2.5.Memiliki sikap yang
mencerminkan fungsi manusia baik sebagai hamba Allah maupun khalifah-Nya di
bumi sebagaimana yang terkandung dalam Surat al-Mu’minyn [23]:12-14; Surat
al-Nahl [16]: 78; Surat al-Baqarah [2]: 30-32; dan Surat ak-jariyat: 56.
3.5 Memahami
ayat-ayat al-Qur’an tentang manusia dan tugasnya sebagai hamba Allah dan
khalifah di bumi pada QS al- Mu’minun [23]:12-14; QS al-Nahl [16]:78; QS
al-Baqarah [2]:30-32; dan QS ak-jariyat [51]: 56.
4.5 Mendemonstrasikan
hafalan dan arti per kata ayat-ayat al-Qur’an tentang manusia dan tugasnya
sebagai hamba Allah dan khalifah di bumi pada QS. al- Mu’minun [23]:12-14; QS
al-Nahl [16]: 78; QS al-Baqarah [2]: 30-32; dan QS adz-dzariyat [51]:
56.
C. Tujuan Pembelajaran
Setelah melakukan
pengamatan, menanya, mengeksplorasi, mengasosiasi dan mengkomunikasi
diharapkan:
1. Peserta
didik diharapakan memilki sikap yang mencerminkan fungsi manusia baik sebagai
hamba maupun sebagai khalifah di muka bumi sesuat ayat Al-Quran.
2. Peserta
didik diharapkan mampu memahami ayat-ayat Alquran tentang tugas manusia sebagai
khalifah di muka bumi.
D. Materi
Pembelajaran
1. QS.
al-Mu’minun [23] ayat 12-14
a.
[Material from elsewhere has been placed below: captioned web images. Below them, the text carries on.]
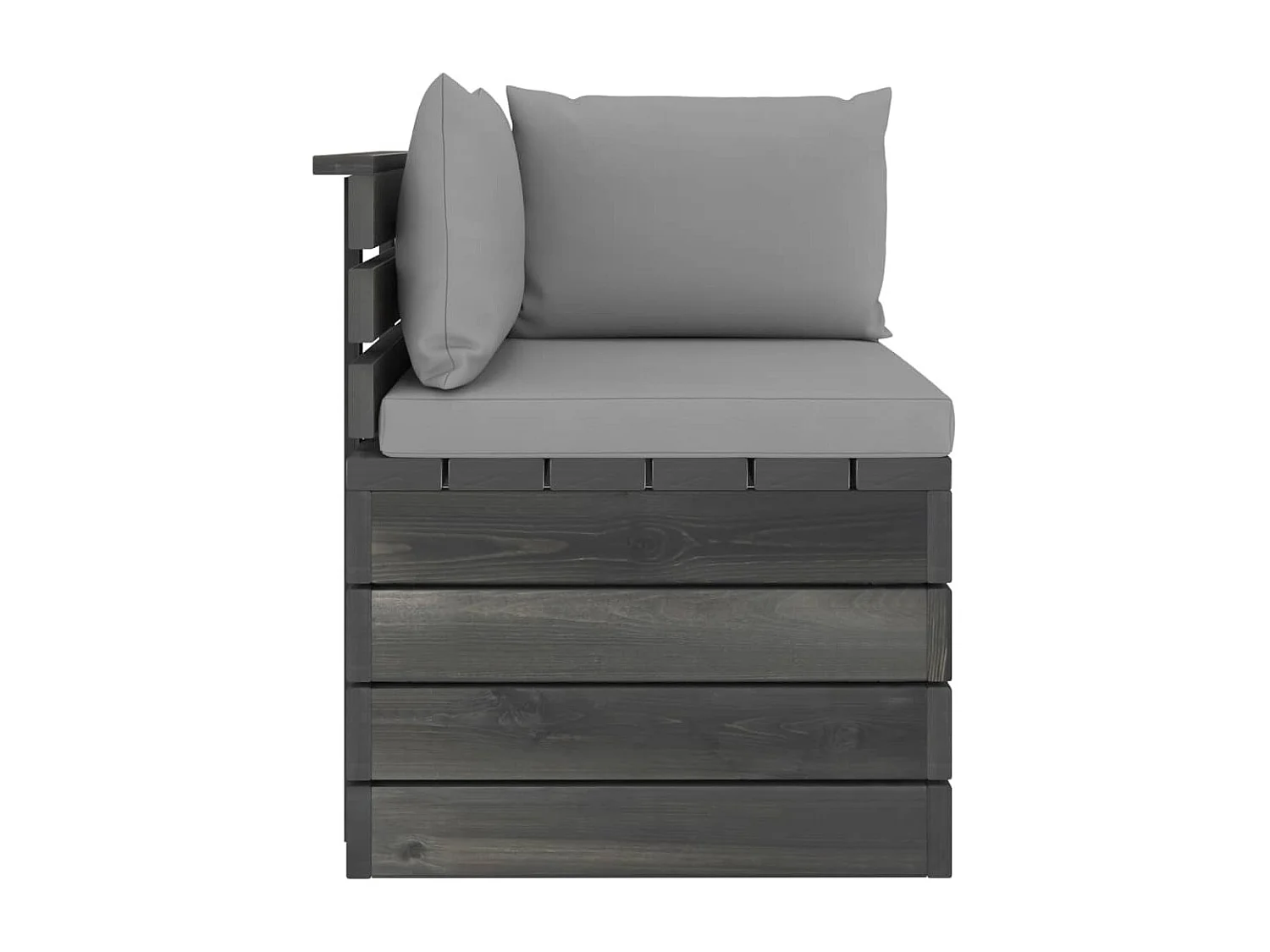 Divano Angolare da Giardino su Pallet con Cuscini Legno di Pino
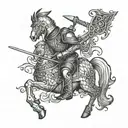 Olive-headed knight(bhuo) tattoo design idea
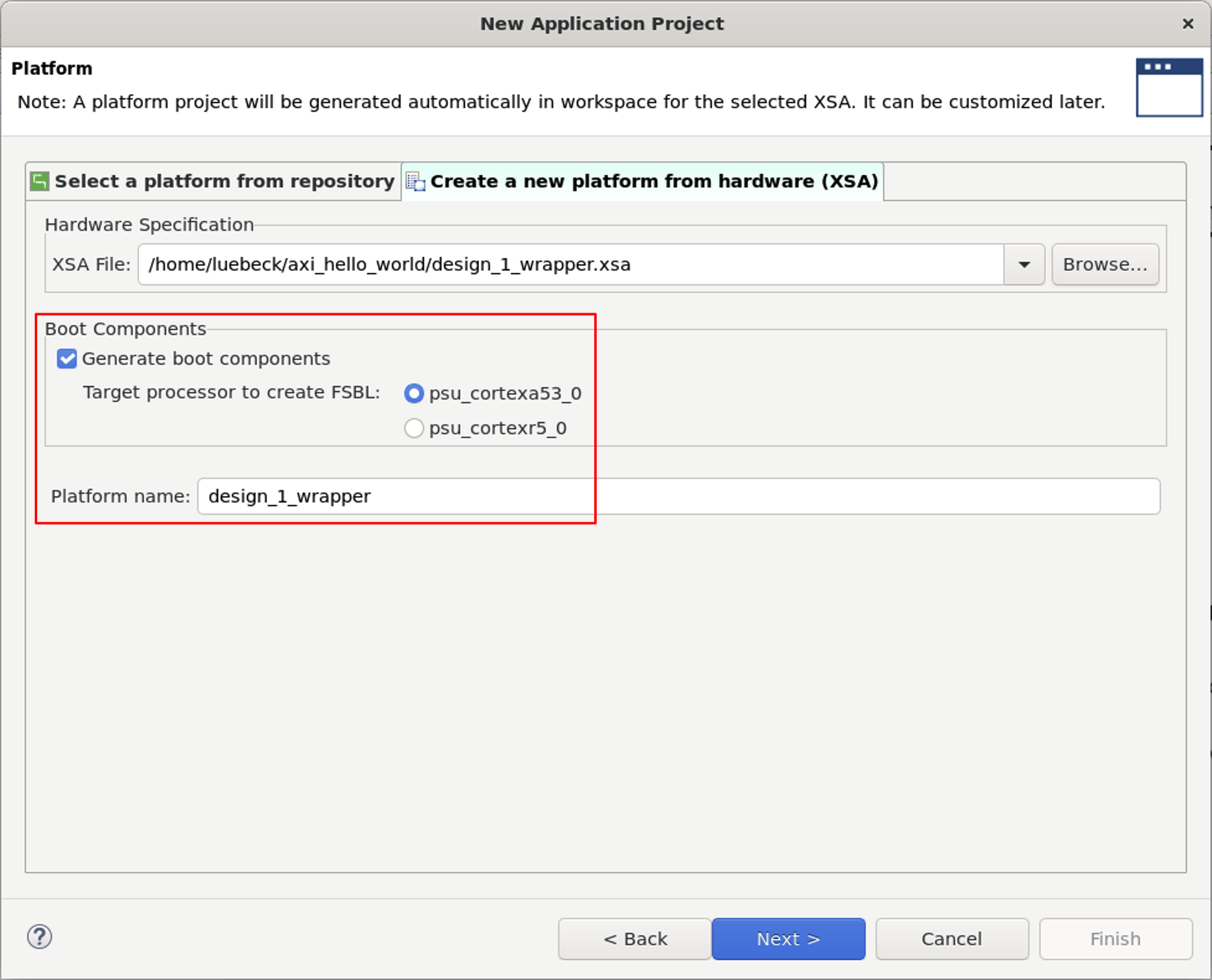 Vitis Select XSA File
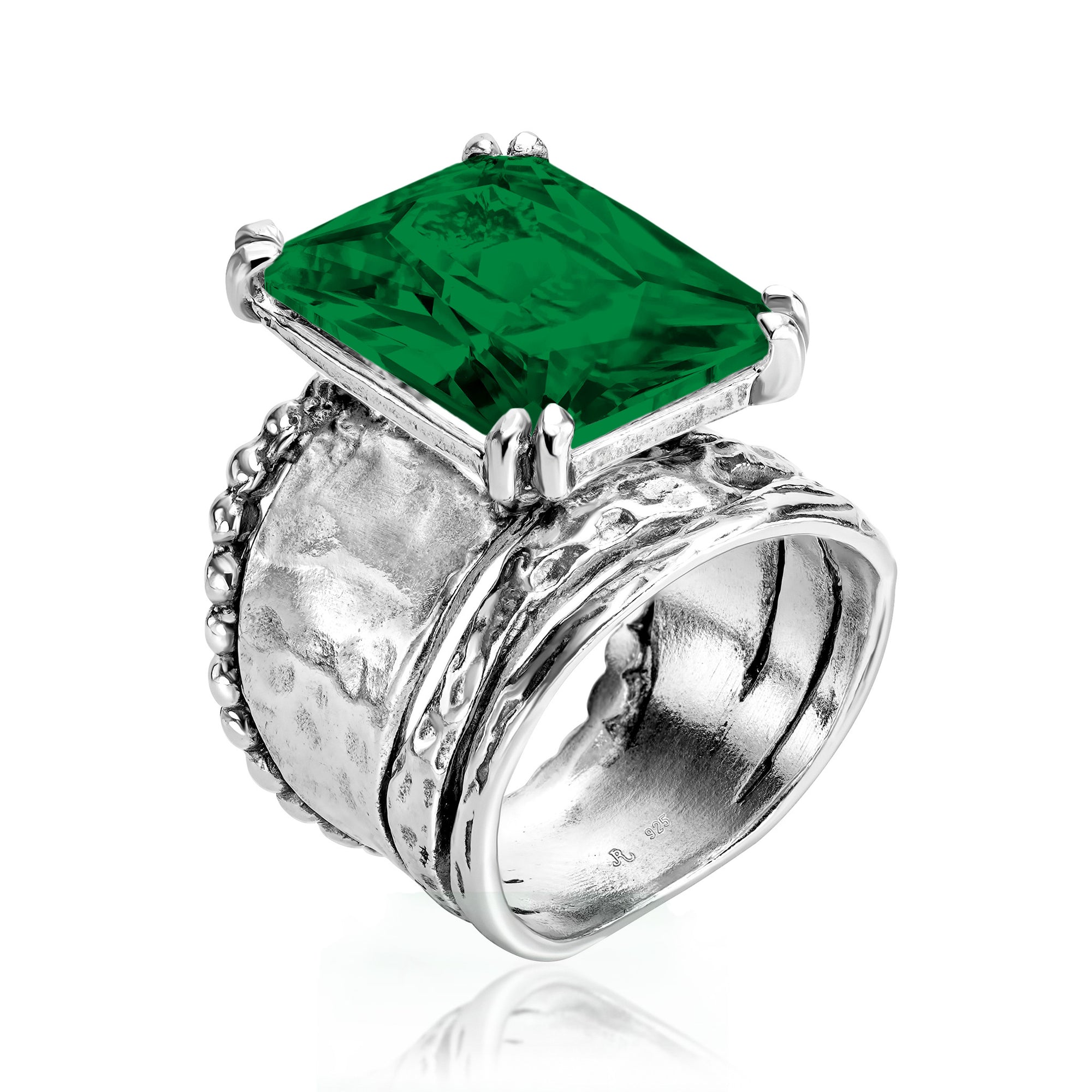 Bold Sterling Silver Octagon Emerald CZ Ring
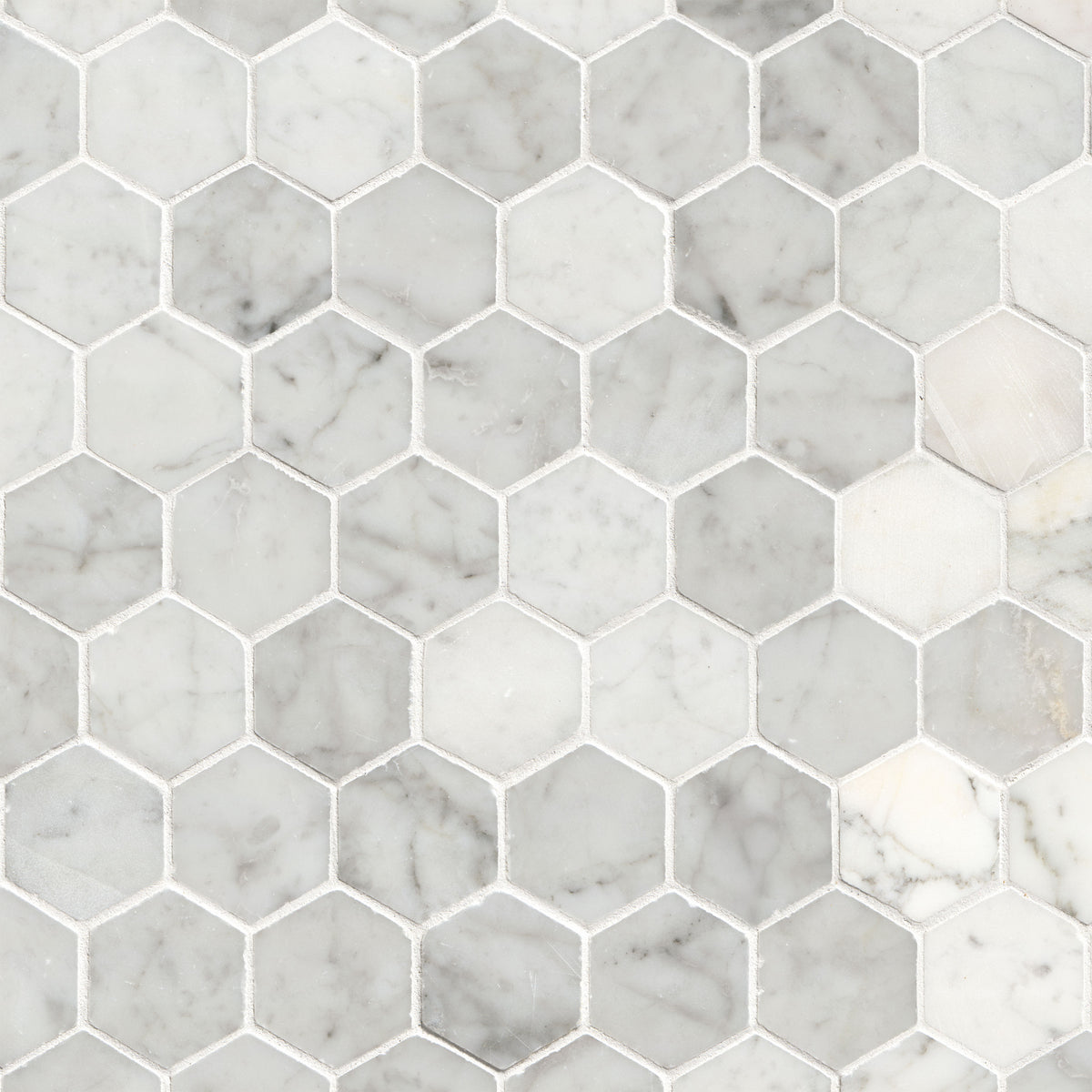 MSI Carrara White 2 in. Hexagon Polished Marble Mosaic Tile
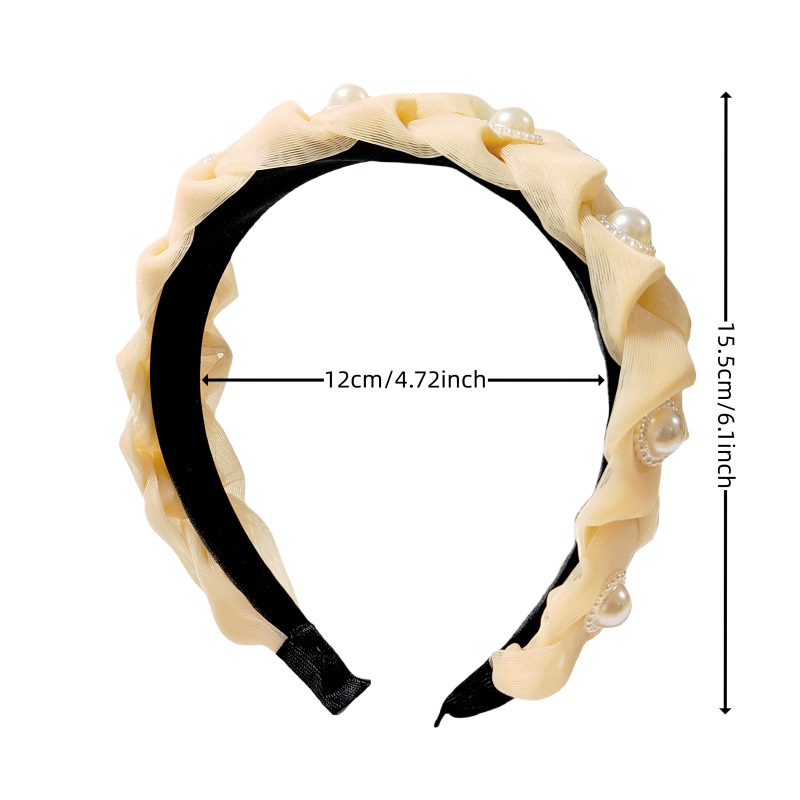 New European and American cross-border hot selling bridal hair accessories women's pearl fabric twist braid hair band mesh all-match hair band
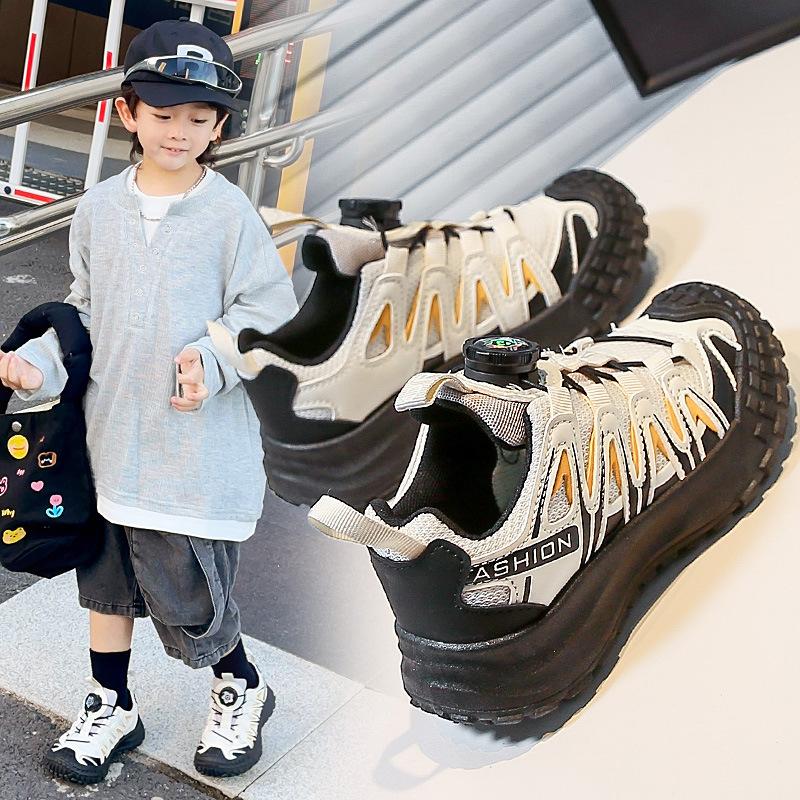 

Kids Rotary Buckle Breathable Non Slip Outdoor Sports Sneakers 26 бежевий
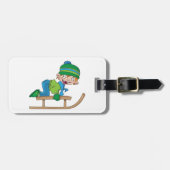Étiquette À Bagage Amusant Hiver Sledding Boy mignonne Snow Adventure (Devant horizontal)
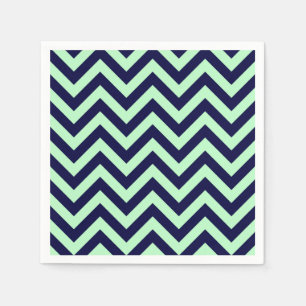 Mint, Navy Blue Large Chevron ZigZag Pattern Napkin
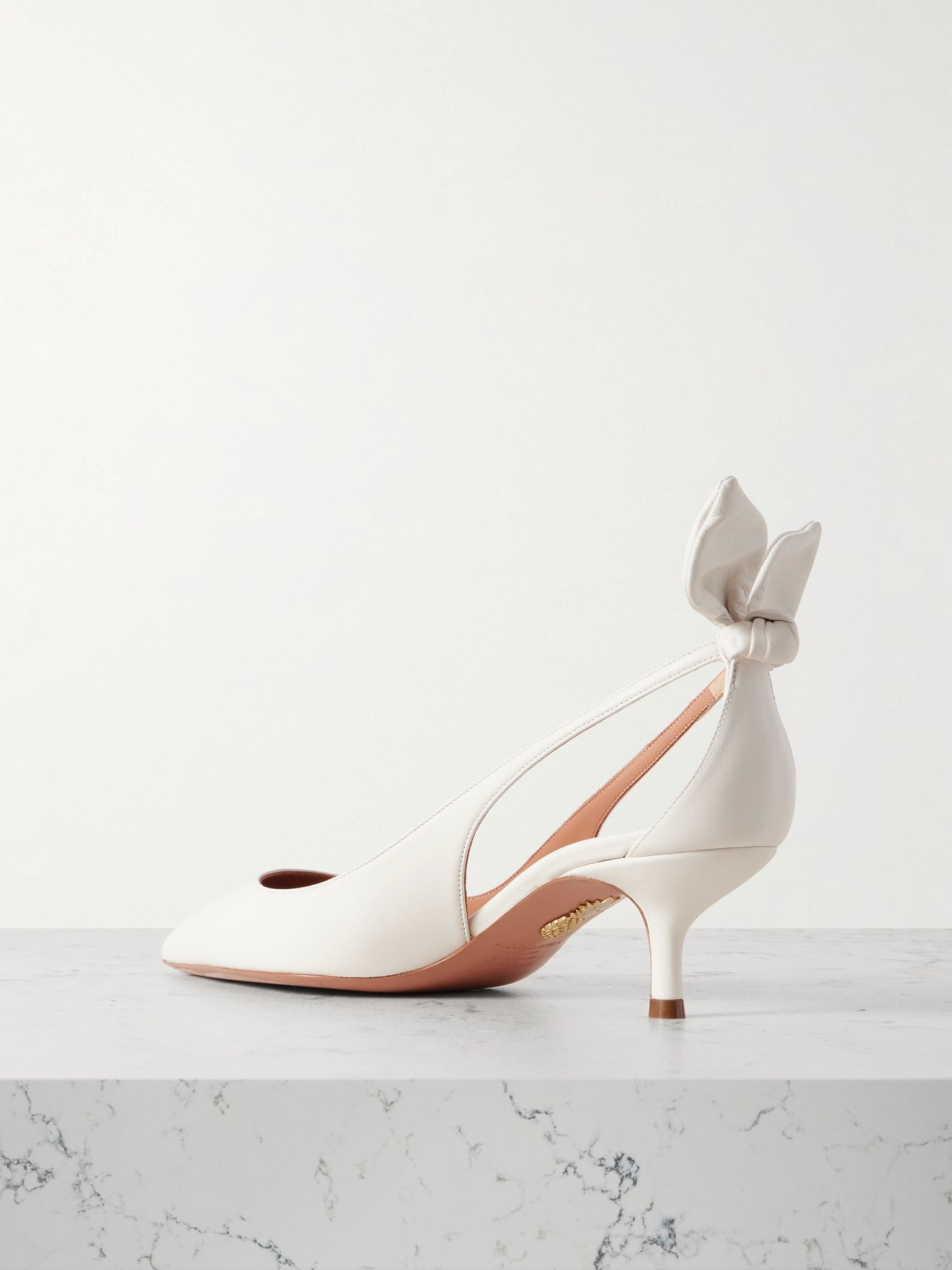 Bow Tie 50 leather pumps White - 3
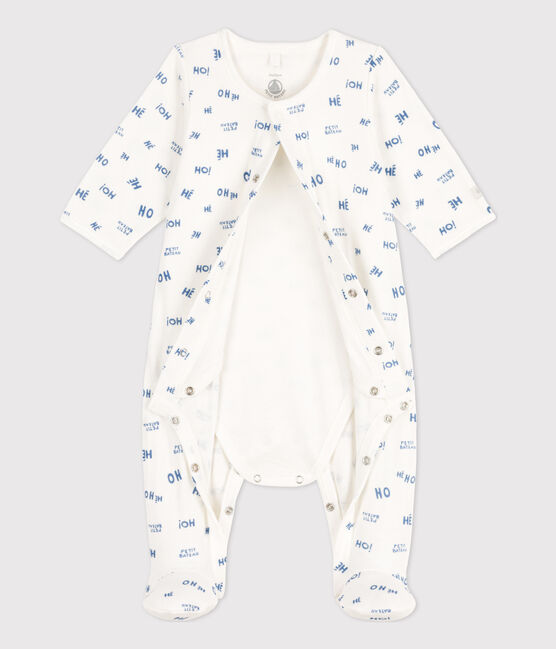 Bodyjama de túbico para bebé blanco MARSHMALLOW/ CREPUSCULE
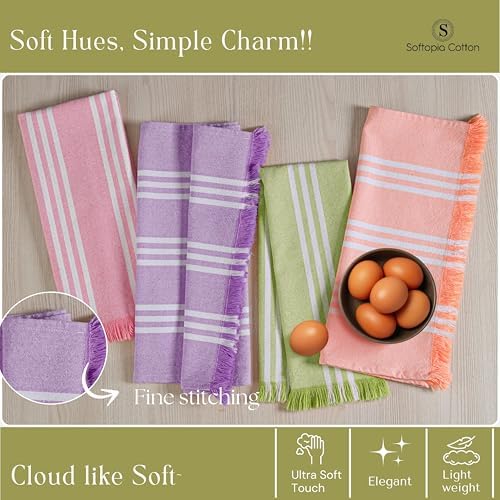 Multi Color Kitchen Towels 4 Pack, 16x26 Inches, Striped Tea Towels, Quick Dry - Image 4
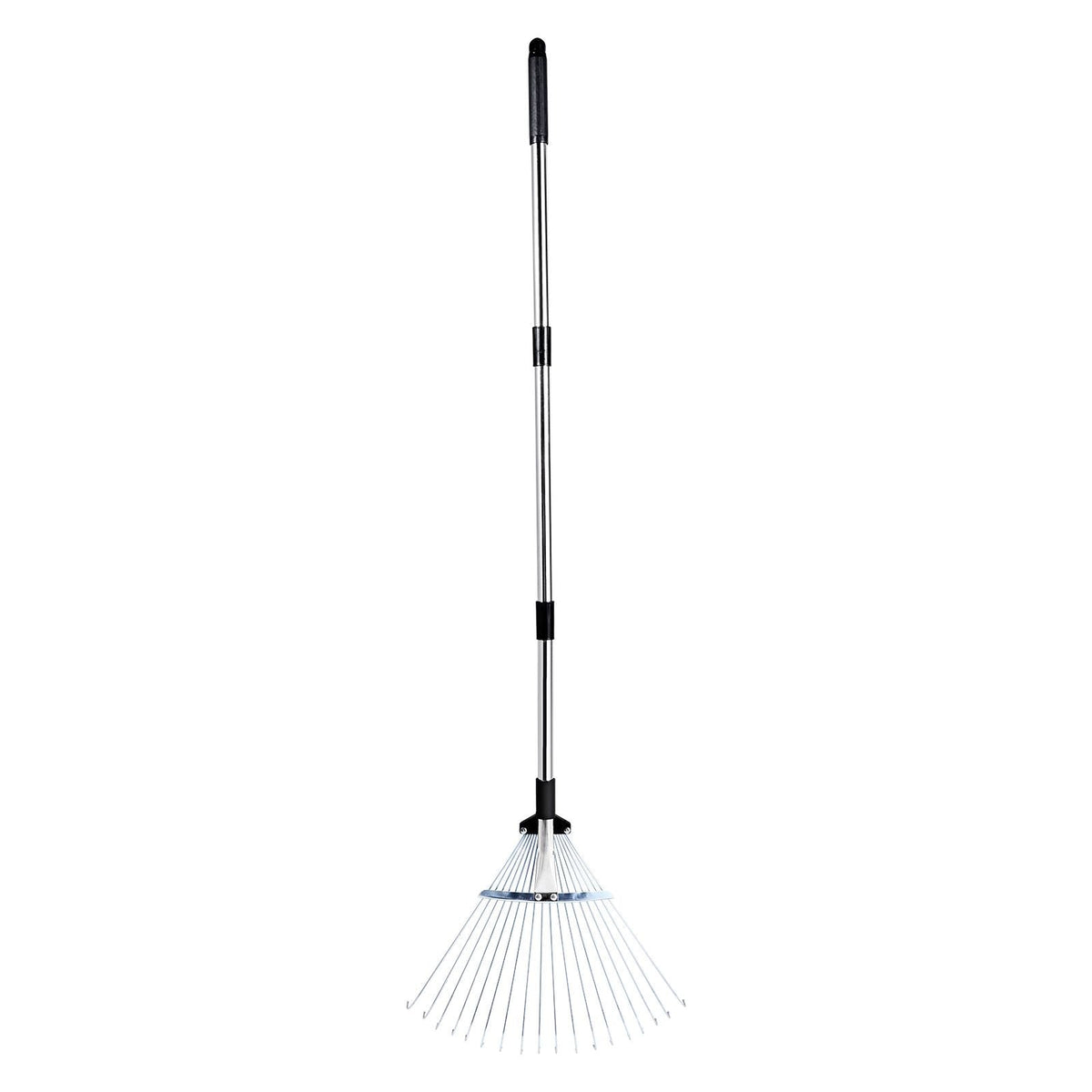 Leaf Rake, 18 Metal Tines, Adjustable Garden Rake for Lawns with 7.7-17.1 Inch Head & 32.3-55.6 Inch Long Handle, Heavy Duty Stainless Steel Small Leaves Tool for Gardening Camping Yard Grass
Lafaz
Ayat
وَلَقَدۡ
خَلَقۡنَا ٱلۡإِنسَٰنَ مِن سُلَٰلَةٖ مِّن طِينٖ ١٢ثُمَّ جَعَلۡنَٰهُ نُطۡفَةٗ فِي
قَرَارٖ مَّكِينٖ ١٣
ثُمَّ
خَلَقۡنَا ٱلنُّطۡفَةَ عَلَقَةٗ فَخَلَقۡنَا ٱلۡعَلَقَةَ مُضۡغَةٗ فَخَلَقۡنَا
ٱلۡمُضۡغَةَ عِظَٰمٗا فَكَسَوۡنَا ٱلۡعِظَٰمَ لَحۡمٗا ثُمَّ أَنشَأۡنَٰهُ خَلۡقًا
ءَاخَرَۚ فَتَبَارَكَ ٱللَّهُ أَحۡسَنُ ٱلۡخَٰلِقِينَ ١٤
12.
Dan sesungguhnya Kami telah menciptakan manusia dari suatu saripati (berasal)
dari tanah
13. Kemudian Kami
jadikan saripati itu air mani (yang disimpan) dalam tempat yang kokoh (rahim)
14. Kemudian air mani
itu Kami jadikan segumpal darah, lalu segumpal darah itu Kami jadikan segumpal
daging, dan segumpal daging itu Kami jadikan tulang belulang, lalu tulang
belulang itu Kami bungkus dengan daging. Kemudian Kami jadikan dia makhluk yang
(berbentuk) lain. Maka Maha sucilah Allah, Pencipta Yang Paling Baik.[13]
b. Penjelasan Ayat
QS.
al-Mu’minun ini menerangkan tentang proses penciptaan manusia yang sangat unik.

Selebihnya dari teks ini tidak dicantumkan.